Desidero, perciò, rinnovare la disponibilità della Santa Sede e della Chiesa cattolica, attraverso la Commissione delle Conferenze Episcopali Europee (COMECE), a intrattenere un dialogo proficuo, aperto e trasparente con le istituzioni dell’Unione Europea. Parimenti sono convinto che un’Europa che sia in grado di fare tesoro delle proprie radici religiose, sapendone cogliere la ricchezza e lepotenzialità, possa essere anche più facilmente immune dai tanti estremismi che dilagano nel mondo odierno, anche per il grande vuoto ideale a cui assistiamo nel cosiddetto Occidente, perché «è proprio l’oblio di Dio, e non la sua glorificazione, a generare la violenza»[9].
Non possiamo qui non ricordare le numerose ingiustizie e persecuzioni che colpiscono quotidianamente le minoranze religiose, e particolarmente cristiane, in diverse parti del mondo. Comunità e persone che si trovano ad essere oggetto di barbare violenze: cacciate dalle proprie case e patrie; vendute come schiave; uccise, decapitate, crocefisse e bruciate vive, sotto il silenzio vergognoso e complice di tanti.

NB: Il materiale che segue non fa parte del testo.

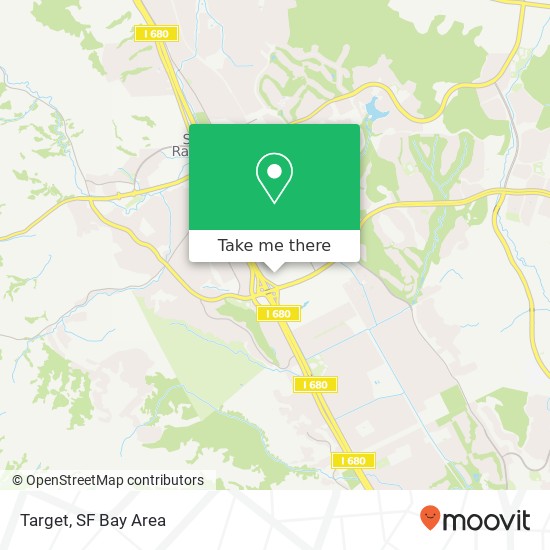 Target map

Il motto dell’Unione Europea è Unità nella diversità, ma l’unità non significa uniformità politica, economica, culturale, o di pensiero. In realtà ogni autentica unità vive della ricchezza delle diversità che la compongono: come una famiglia, che è tanto più unita quanto più ciascuno dei suoi componenti può essere fino in fondo sé stesso senza timore. In tal senso, ritengo che l’Europa sia una famiglia di popoli, i quali potranno sentire vicine le istituzioni dell’Unione se esse sapranno sapientemente coniugare l’ideale dell’unità cui si anela, alla diversità propria di ciascuno, valorizzando le singole tradizioni; prendendo coscienza della sua storia e delle sue radici; liberandosi dalle tante manipolazioni e dalle tante fobie. Mettere al centro la persona umana significa anzitutto lasciare che essa esprima liberamente il proprio volto e la propria creatività, sia a livello di singolo che di popolo.

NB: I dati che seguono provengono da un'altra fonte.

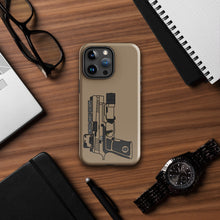 Load image into Gallery viewer, Custom Sig Tough Case for iPhone®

D’altra parte le peculiarità di ciascuno costituiscono un’autentica ricchezza nella misura in cui sono messe al servizio di tutti. Occorre ricordare sempre l’architettura propria dell’Unione Europea, basata sui principi di solidarietà e sussidiarietà, così che prevalga l’aiuto vicendevole e si possa camminare, animati da reciproca fiducia.
In questa dinamica di unità-particolarità, si pone a voi, Signori e Signore Eurodeputati, anche l’esigenza di farvi carico di mantenere viva la democrazia, la democrazia dei popoli dell’Europa. Non ci è nascosto che una concezione omologante della globalità colpisce la vitalità del sistema democratico depotenziando il ricco contrasto, fecondo e costruttivo, delle organizzazioni e dei partiti politici tra di loro. Così si corre il rischio di vivere nel regno dell’idea, della sola parola, dell’immagine, del sofisma… e di finire per confondere la realtà della democrazia con un nuovo nominalismo politico. Mantenere viva la democrazia in Europa richiede di evitare tante “maniere globalizzanti” di diluire la realtà: i purismi angelici, i totalitarismi del relativo, i fondamentalismi astorici, gli eticismi senza bontà, gli intellettualismi senza sapienza [10].

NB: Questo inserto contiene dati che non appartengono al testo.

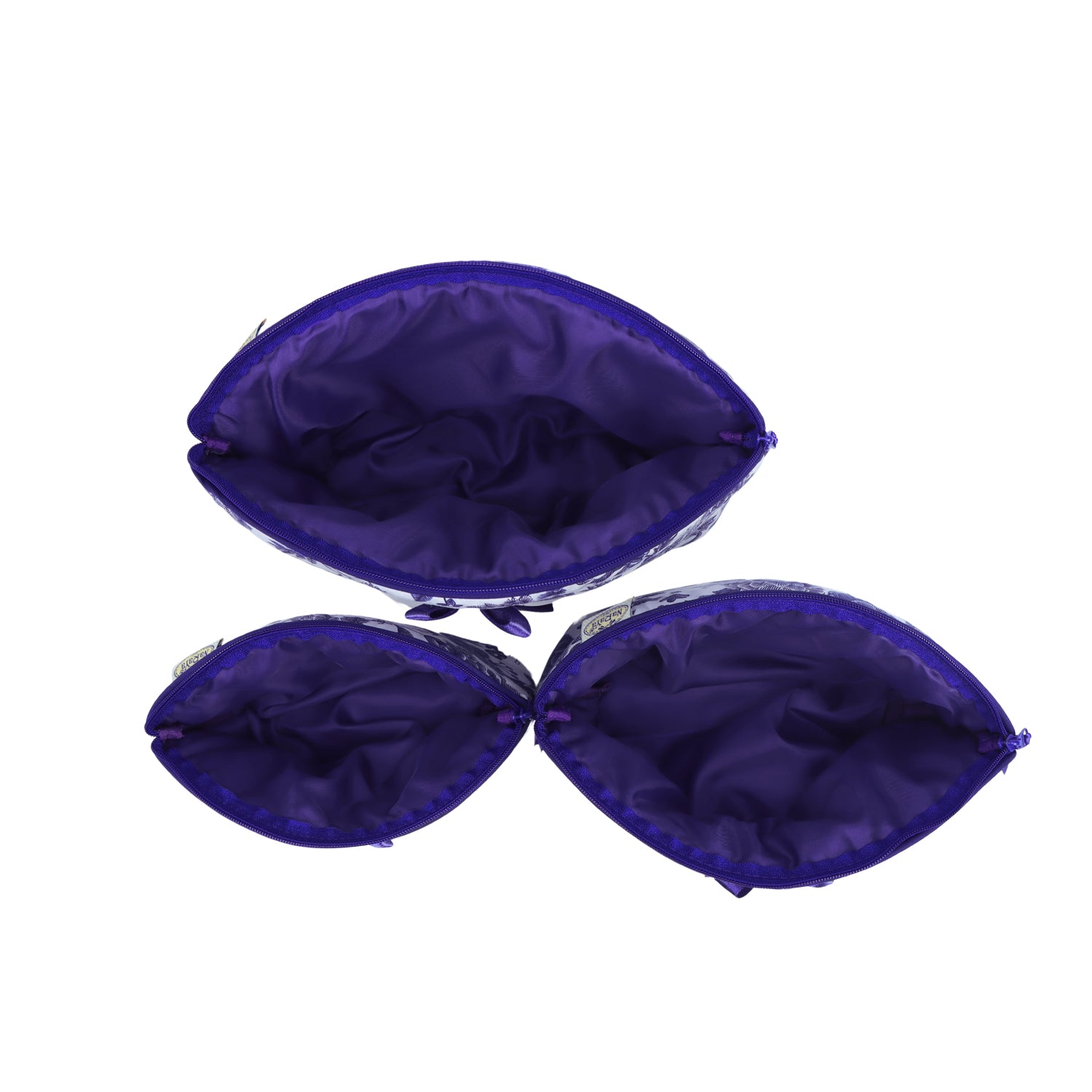 NaRaYa Cosmetic Bags (Set Of 3) - NaRaYa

Mantenere viva la realtà delle democrazie è una sfida di questo momento storico, evitando che la loro forza reale – forza politica espressiva dei popoli – sia rimossa davanti alla pressione di interessi multinazionali non universali, che le indeboliscano e le trasformino in sistemi uniformanti di potere finanziario al servizio di imperi sconosciuti. Questa è una sfida che oggi la storia vi pone.
Dare speranza all’Europa non significa solo riconoscere la centralità della persona umana, ma implica anche favorirne le doti. Si tratta perciò di investire su di essa e sugli ambiti in cui i suoi talenti si formano e portano frutto. Il primo ambito è sicuramente quello dell’educazione, a partire dalla famiglia, cellula fondamentale ed elemento prezioso di ogni società. La famiglia unita, fertile e indissolubile porta con sé gli elementi fondamentali per dare speranza al futuro. Senza tale solidità si finisce per costruire sulla sabbia, con gravi conseguenze sociali. D’altra parte, sottolineare l’importanza della famiglia non solo aiuta a dare prospettive e speranza alle nuove generazioni, ma anche ai numerosi anziani, spesso costretti a vivere in condizioni di solitudine e di abbandono perché non c’è più il calore di un focolare domestico in grado di accompagnarli e di sostenerli.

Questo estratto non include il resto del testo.